Copied from Dr Tim Morgan’s blog.
The UK economy is, in my opinion, entering the long-predictable crash phase.
Essentially there are two possible scenarios here. First, the aggregate burden of national or global liabilities just becomes so great that vertigo sets in, as people begin to realise that these liabilities cannot be honoured ‘for value’. The result is a dash for the exit doors and, of course, these doors get smaller as people rush towards them.
The second, which is starting to happen in Britain, is a stress collapse, in which household finances crumble under too great a set of burdens. Think about it – mortgages or rents; cost of essentials; debt servicing; car finance; perhaps student loans; HP or BNPL payments; TV and other subscriptions, the list goes on – it all just gets too much. Part of the problem is that we regulate banks, because they take deposits (we look after the customer as depositor) but we don’t do much to regulate non-bank credit (we don’t do much to look after the consumer as borrower).

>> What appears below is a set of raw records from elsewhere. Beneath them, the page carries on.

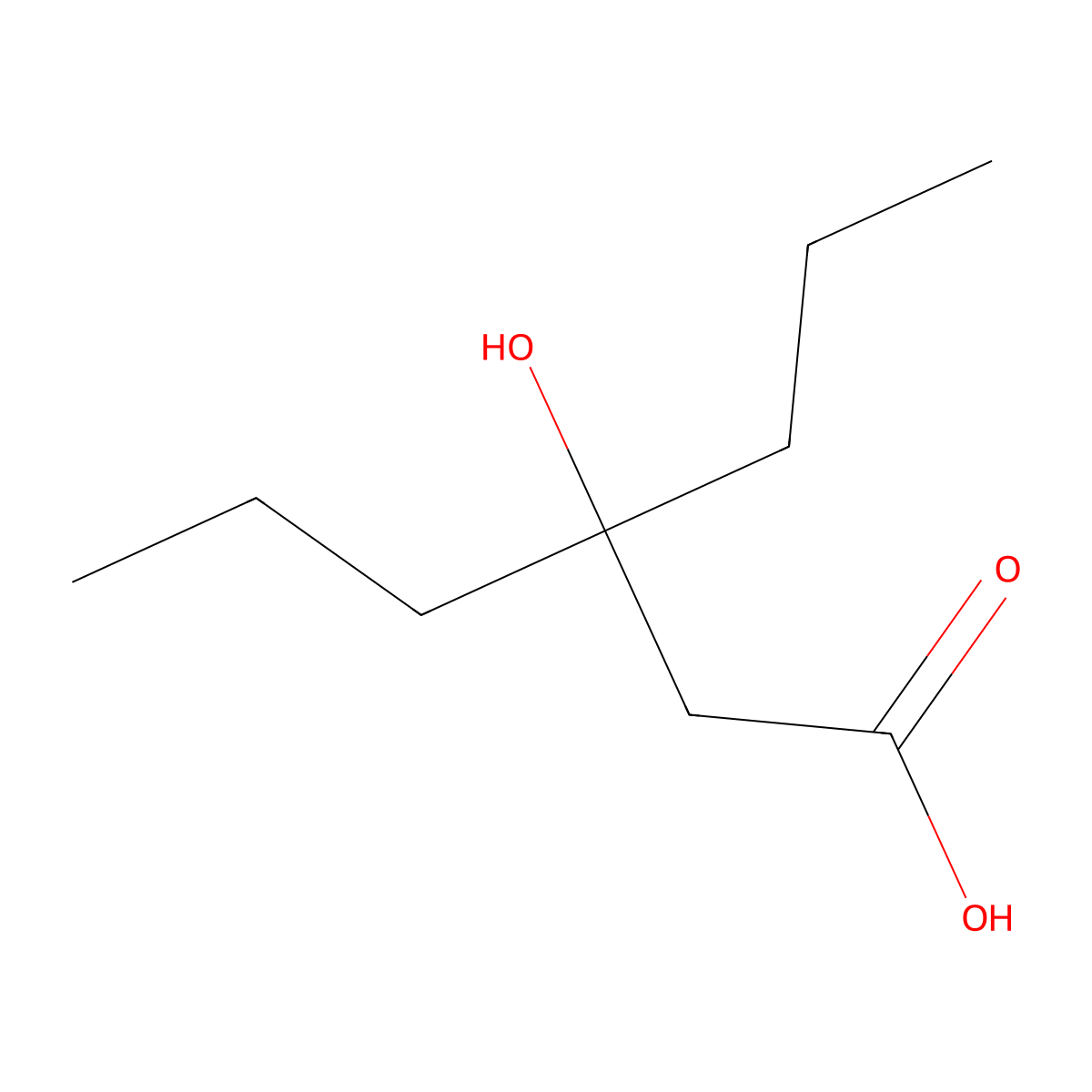3-Hydroxy-3-propylhexanoic acid molecular structure, CAS 23985-60-6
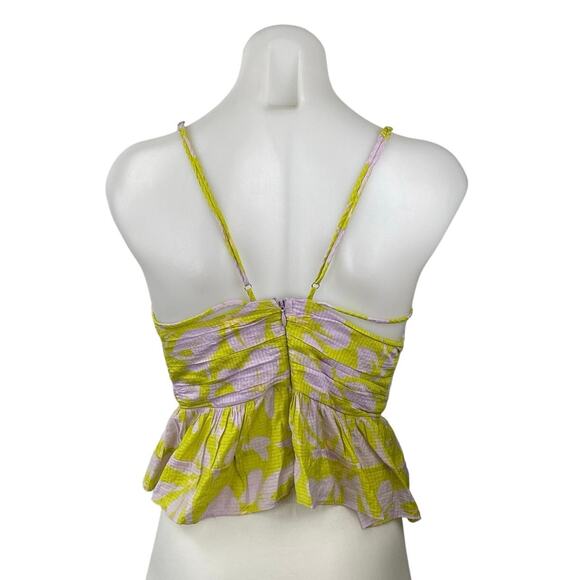 ASTR the Label Minka Multicolor Floral Sleeveless Cami Keyhole Peplum Crop Top S - Picture 3 of 5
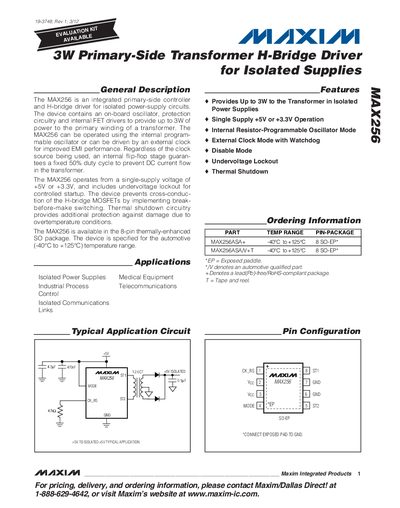 Maxim MAX256 3W Primary‑Side Transformer H‑Bridge Driver Datasheet - cover page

The problem with using rate rises to tame inflation is that it’s indiscriminate – it hits all borrowers, not just those driving inflation by borrowing to buy the unaffordable. Why should someone who has borrowed to invest in a business be hit in just the same way as someone who has taken on too many BNPL loans to buy things they don’t really need and can’t afford? Just as bad, the burden imposed on the latter is less than inflicted on the former – if you’re already paying 15-20% for non-bank consumer credit, the effect of a 3% rise is far less than it is for somebody with, say, a 3% mortgage.